Here's What Jamie Dimon Is Really Worried About

Jamie Dimon
Jamie Dimon

Jamie Dimon’s confrontation with Ben Bernanke was notable because we rarely see corporate chiefs so publicly confront their primary regulators.

JP Morgan Chase Chief Dimon can have a meeting with Federal Reserve Chair Bernanke any time he wants. There’s no need to take the microphone at a public Q&A to question regulatory reforms.

The confrontation is being interpreted in two contradictory ways. On the one hand, some say it is a sign that Bernanke has lost the confidence of the country’s top bankers—something that could be a serious impediment to effective monetary policy. If Bernanke cannot command the support of bankers, he may be at the end of his tenure as an effective central banker.

On the other hand, some say that Dimon more or less threw a fit, lashing out publicly because he has lost an important argument behind closed doors. In other words, rather than showing Bernanke's weakness, the confrontation was a sign of Dimon's weakness.

In either case, it seems that what provoked Dimon were recent signals from a Fed governor that the largest banks might face an additional capital surcharge, above and beyond the new capital and liquidity requirements agreed to last year in Basel.

At Basel, regulators agreed to more than double the minimum common equity requirement for banks to 4.5 percent from 2 percent, with an added liquidity buffer of 2.5 percent.
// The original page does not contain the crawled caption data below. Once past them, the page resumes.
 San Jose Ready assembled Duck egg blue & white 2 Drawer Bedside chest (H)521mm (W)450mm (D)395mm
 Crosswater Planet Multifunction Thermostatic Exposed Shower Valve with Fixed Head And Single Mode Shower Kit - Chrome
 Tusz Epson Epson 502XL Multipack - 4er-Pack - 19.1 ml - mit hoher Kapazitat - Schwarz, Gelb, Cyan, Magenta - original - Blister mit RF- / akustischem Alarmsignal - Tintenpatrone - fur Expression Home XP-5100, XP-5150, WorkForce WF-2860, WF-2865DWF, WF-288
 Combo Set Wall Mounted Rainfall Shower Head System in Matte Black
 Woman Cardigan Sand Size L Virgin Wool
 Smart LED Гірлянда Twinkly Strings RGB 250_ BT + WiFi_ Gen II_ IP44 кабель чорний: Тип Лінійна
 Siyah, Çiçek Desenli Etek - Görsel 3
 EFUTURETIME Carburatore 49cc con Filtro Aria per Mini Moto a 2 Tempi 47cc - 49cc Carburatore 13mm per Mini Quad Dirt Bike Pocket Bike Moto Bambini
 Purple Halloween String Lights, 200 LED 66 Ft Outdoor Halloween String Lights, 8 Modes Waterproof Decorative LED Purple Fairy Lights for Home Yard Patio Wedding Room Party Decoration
That means banks will have to have total risk reserves of 7% of weighted assets. Regulators did not reach a consensus on proposals for an additional buffer—or "surcharge"— for "systemically important financial institutions"—which is regulator speak for Too Big To Fail.
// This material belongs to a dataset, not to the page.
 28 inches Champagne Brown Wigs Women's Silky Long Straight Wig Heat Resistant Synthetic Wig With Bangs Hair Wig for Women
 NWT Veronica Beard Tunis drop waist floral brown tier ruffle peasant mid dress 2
Many of the largest European and American banks have been lobbying hard against the new surcharge, but these efforts appear to be failing.

In a speech last week, Fed Governor Daniel Tarullo said additional capital requirements are needed to prevent systemwide financial instability that could be caused by the failure of one of the world’s biggest or most interconnected banks. Tarullo, who is the Fed's point man on bank regulation reform, said the Fed was considering capital requirements that could amount to between 20 percent to more than 100 percent over the Basel III requirements.
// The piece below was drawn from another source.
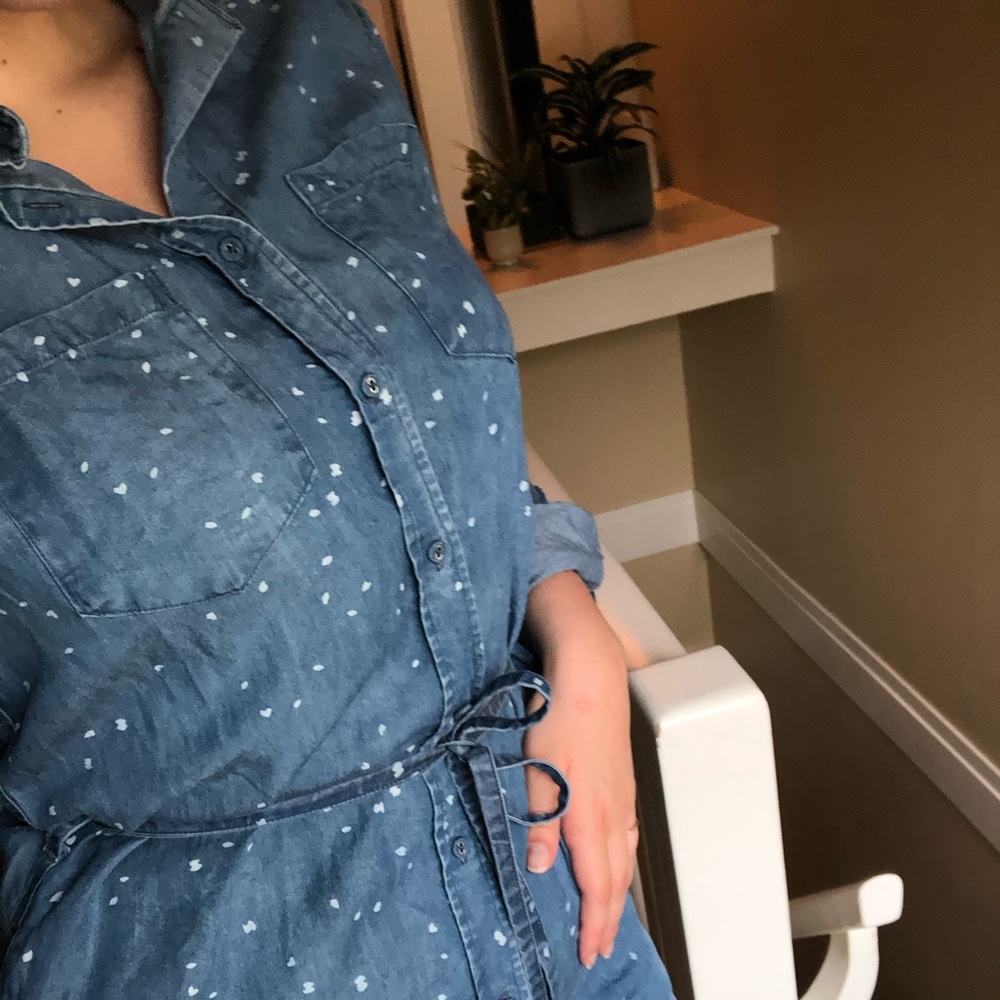 Denim shirt dress with heart polka dots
There’s a growing consensus the regulators will likely propose a uniform surcharge of 3 percent on the biggest banks. Another alternative would be to have a sliding scale surcharge that would grow with the size of the bank. Some have suggested a surcharge that could be moved counter-cyclically, requiring more capital in good times and allowing banks to operate with thinner capital when the economy needs more lending.

The Dodd-Frank law requires regulators to impose tougher capital requirements—but punts on the exact shape of those regulations.

Tarullo has said he favors the sliding scale version of the surcharge that would rise according to the "expected impact" of a bank's failure on the financial system.

Earlier this week, Dallas Fed President Richard Fisher said that the "top 10" banks in the U.S. should be subject to stricter requirements than smaller banks.

"Enhanced supervision can be implemented on a graduated scale, based on the extent of assets beyond $50 billion and possibly other factors," Fisher said. "Let us do that fully, then, applying these measures along a highly graduated scale, with only minimal added mandates directed at mid-tier banking organizations."

The views of Tarullo and Fisher obviously would impose disadvantages on banks that grow as large as JPMorgan Chase . This is probably no accident. In the past, Fisher has said that he favors breaking up the biggest banks.